Thursday, May 20, 2010

A crude summary of my paper

So, I'm going to not worry too much about the completeness or appropriateness of what I post will mostly be a sort of stream of consciousness series of thoughts about my paper. I think I'll start by summarizing my paper, which will help myself and others to know the general sense of my argument already, and help me to add to it. I think I'll also include the full paper somewhere, but I'll have to figure out how to include it in a reasonable format that doesn't overwhelm this blog, since it is 13 pages long.

So, to the summary:

1. The main thing I am analyzing in the paper is the use of landscape in the silent film-maker Victor Sjostrom's 1916 film Terge Vigen, or A Man There Was.

2. I argue that natural landscapes that once existed in early "cinema of attractions" disappeared in favor of cheaper movies shot in studios.
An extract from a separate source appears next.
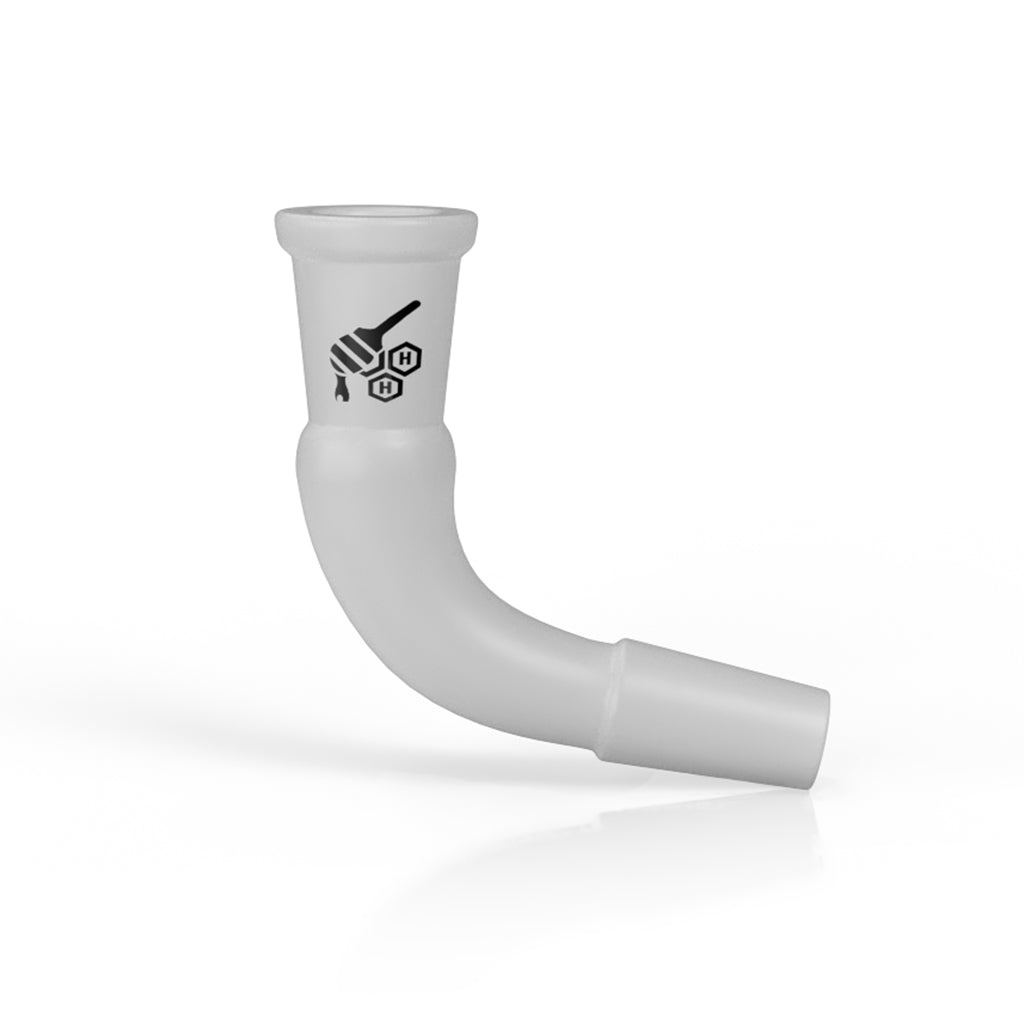 ADAPTADOR DE CODO DE VIDRIO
Sjostrom led a trend back to using natural landscapes.

3. I argue that Sjostrom not only brought landscape back, but used landscape in such a way to actually give the landscape personality and character. This may have shown up first in Scandinavian films because of unique cultural feelings about landscapes.

4. Landscape can be distinguished from setting in that setting is merely a backdrop for action; landscape by contrast is a focal point. Landscape can also be contrasted to "nature," in the sense that it is man's "interaction with nature and environment that produces the landscape."

5. The theorist Martin Lefebvre argues that "the birth of landscape should really be understood as the birth of a way of seeing." In other words, landscape actually represents a choice for the viewer/reader to see landscape instead of mere setting. To see "landscape" creates a pause or rift with narrative.

6. I argue that landscape in film in general is a special thing, different than landscape in other mediums, because of the special quality of film: motion and change over a period of time. So, the viewer has the frequent opportunity to make the decision to see natural elements as "landscape" or "setting," to step back from the narrative and consider or to be neatly led along by the narrative. Also, that Victor Sjostrom did this earlier and better than anyone.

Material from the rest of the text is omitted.